This shows that the Indians saw food and the land as free (no cost), indicating that their obtaining the food must have not been very labor intensive. They had lots of items to trade, but food was apparently not one of them. He (the uncle) forgot to add that no one is legally allowed to trespass on that land, so to further steal God’s free resources.
http://www.kawnation.com/Culture/culthist.html, Kanza Cultural History: Post-Contact, or Kansas Lewis & Clark Bicentennial Commission Native American Resource Handbook, 2004, “Kaw Nation”:
Beginning in 1825, formalized by the Indian Removal Act of 1830, and continuing well into the mid-1840's … Underlying these treaties was the invader's strategy for rapidly changing the Kaw from an independent, semi-sedentary people into individual family farmers on the model of white agricultural society in Missouri, Illinois, and other so-called "settled" states in the east.…

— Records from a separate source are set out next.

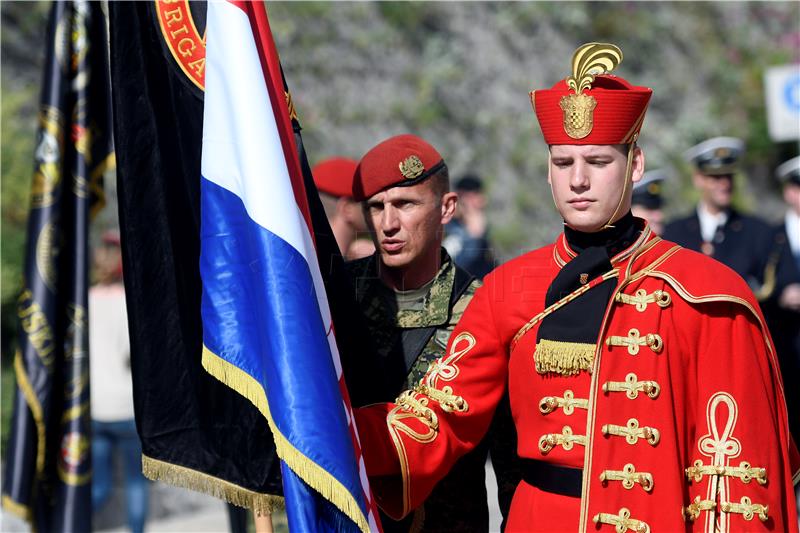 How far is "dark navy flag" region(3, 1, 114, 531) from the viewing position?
4.90m

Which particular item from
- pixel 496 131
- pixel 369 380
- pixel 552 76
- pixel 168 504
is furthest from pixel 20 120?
pixel 369 380

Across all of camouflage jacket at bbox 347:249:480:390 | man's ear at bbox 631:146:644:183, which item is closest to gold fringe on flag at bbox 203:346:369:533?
camouflage jacket at bbox 347:249:480:390

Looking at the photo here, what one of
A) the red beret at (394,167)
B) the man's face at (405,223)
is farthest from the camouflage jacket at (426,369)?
the red beret at (394,167)

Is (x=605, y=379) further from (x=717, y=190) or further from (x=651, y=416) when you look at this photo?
(x=717, y=190)

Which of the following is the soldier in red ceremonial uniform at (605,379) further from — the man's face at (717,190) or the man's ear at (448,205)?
the man's face at (717,190)

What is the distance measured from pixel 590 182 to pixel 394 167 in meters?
1.07

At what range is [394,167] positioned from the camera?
13.4 ft

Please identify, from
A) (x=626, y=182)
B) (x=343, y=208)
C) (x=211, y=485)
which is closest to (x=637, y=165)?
(x=626, y=182)

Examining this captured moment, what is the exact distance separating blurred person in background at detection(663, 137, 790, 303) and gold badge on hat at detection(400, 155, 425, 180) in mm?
3920

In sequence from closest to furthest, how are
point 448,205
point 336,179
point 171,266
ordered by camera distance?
1. point 171,266
2. point 448,205
3. point 336,179

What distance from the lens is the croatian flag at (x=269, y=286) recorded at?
3.10 metres

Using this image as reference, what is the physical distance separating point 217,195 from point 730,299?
1.51 meters

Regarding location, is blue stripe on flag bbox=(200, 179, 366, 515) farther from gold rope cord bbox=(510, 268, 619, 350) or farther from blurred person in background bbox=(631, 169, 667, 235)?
blurred person in background bbox=(631, 169, 667, 235)

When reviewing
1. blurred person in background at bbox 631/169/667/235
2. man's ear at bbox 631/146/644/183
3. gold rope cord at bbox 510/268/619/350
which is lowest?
gold rope cord at bbox 510/268/619/350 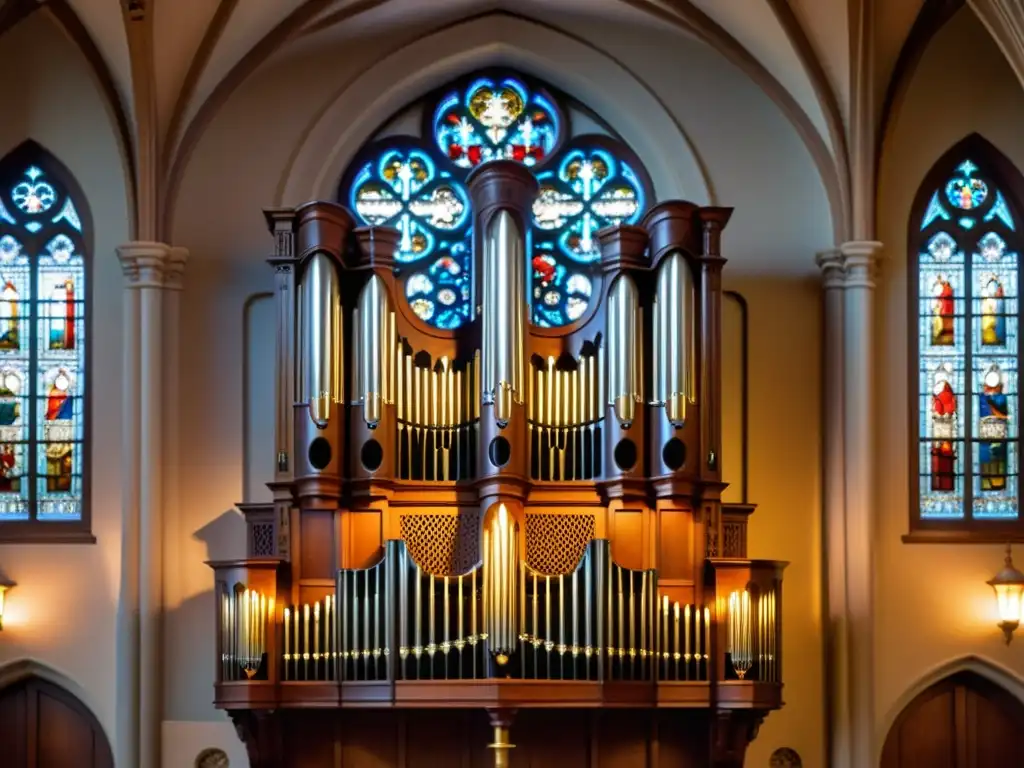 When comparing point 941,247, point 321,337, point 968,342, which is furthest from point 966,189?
point 321,337

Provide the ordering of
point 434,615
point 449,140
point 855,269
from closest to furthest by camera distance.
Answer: point 434,615, point 855,269, point 449,140

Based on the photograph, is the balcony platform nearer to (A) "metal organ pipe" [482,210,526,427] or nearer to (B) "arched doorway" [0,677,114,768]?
Answer: (B) "arched doorway" [0,677,114,768]

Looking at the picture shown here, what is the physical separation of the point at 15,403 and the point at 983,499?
9310 mm

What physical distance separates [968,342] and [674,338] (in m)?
3.29

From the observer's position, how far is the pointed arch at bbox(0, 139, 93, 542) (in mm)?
18500

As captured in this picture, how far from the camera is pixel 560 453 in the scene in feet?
57.4

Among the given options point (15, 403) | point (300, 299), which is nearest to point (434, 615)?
point (300, 299)

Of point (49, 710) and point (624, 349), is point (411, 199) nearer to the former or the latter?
point (624, 349)

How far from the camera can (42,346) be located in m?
18.7

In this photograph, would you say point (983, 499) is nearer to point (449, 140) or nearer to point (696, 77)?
point (696, 77)

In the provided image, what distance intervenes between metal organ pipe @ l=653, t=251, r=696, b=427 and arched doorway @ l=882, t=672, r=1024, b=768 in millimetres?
3750

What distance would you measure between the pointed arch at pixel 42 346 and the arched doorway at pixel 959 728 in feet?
25.9

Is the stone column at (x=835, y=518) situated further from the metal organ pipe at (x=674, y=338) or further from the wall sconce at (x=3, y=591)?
the wall sconce at (x=3, y=591)

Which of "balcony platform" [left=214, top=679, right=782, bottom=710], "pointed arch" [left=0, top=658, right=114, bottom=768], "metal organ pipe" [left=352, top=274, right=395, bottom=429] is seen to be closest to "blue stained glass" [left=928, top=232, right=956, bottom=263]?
"balcony platform" [left=214, top=679, right=782, bottom=710] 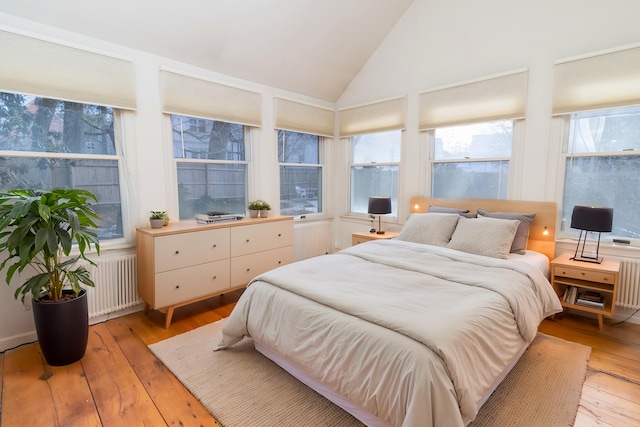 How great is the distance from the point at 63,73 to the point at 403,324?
299 cm

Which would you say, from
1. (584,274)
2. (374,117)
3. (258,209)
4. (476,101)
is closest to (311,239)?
(258,209)

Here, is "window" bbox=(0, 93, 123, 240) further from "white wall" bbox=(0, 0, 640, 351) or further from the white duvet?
the white duvet

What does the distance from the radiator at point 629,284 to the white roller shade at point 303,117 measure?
3.49 m

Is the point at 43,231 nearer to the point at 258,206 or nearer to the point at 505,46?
the point at 258,206

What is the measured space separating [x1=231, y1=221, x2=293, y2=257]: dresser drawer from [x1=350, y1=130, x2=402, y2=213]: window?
1.34 meters

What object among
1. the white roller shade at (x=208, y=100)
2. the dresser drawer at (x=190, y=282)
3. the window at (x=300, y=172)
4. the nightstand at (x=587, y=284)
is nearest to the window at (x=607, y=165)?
the nightstand at (x=587, y=284)

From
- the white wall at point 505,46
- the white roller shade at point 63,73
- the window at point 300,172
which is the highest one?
the white wall at point 505,46

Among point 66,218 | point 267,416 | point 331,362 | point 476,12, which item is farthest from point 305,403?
point 476,12

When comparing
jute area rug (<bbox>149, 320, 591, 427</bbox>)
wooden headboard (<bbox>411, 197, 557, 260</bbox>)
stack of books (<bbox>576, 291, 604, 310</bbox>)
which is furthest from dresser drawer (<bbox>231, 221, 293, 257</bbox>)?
stack of books (<bbox>576, 291, 604, 310</bbox>)

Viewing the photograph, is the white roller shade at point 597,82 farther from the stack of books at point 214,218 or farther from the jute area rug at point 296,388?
the stack of books at point 214,218

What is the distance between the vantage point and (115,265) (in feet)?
9.37

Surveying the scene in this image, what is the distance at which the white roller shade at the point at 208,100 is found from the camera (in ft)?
10.1

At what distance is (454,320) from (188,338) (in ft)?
6.65

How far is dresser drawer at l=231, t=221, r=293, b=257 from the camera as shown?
329 cm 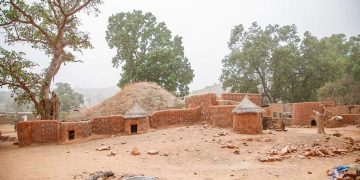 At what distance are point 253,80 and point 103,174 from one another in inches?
1118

There are restrictions in today’s meal facilities and shelters for today’s poor, which is all intended (under the name of God) to motivate the homeless to find a degrading job. That’s why the homeless are forced to leave the shelter during the day, so they will be motivated to get a job or just not come back. But, if the homeless just took one year of using God’s free resources to build their own shelter, say in the same time period they spent in say 8th grade, they’d have a large solid structure, where they could store their possessions, where they wouldn’t “have to” leave every day. You see, people attend school so “the system” will eventually work for them; but, when the game of the system doesn’t work out for an individual, then they should be compensated from the system winners, to equate for the same as if they had worked for themselves all those years (in school and dead-end jobs) using God’s free resources. People today are not given the option to go to school, they are forced, so to only serve one master (the system). They are forced (by default) to work worthless, degrading jobs, so to only serve that same master. In this world, greed definitely rules, but not near as much as ignorance of reality: unless people are taught it, they’re really not going to know it.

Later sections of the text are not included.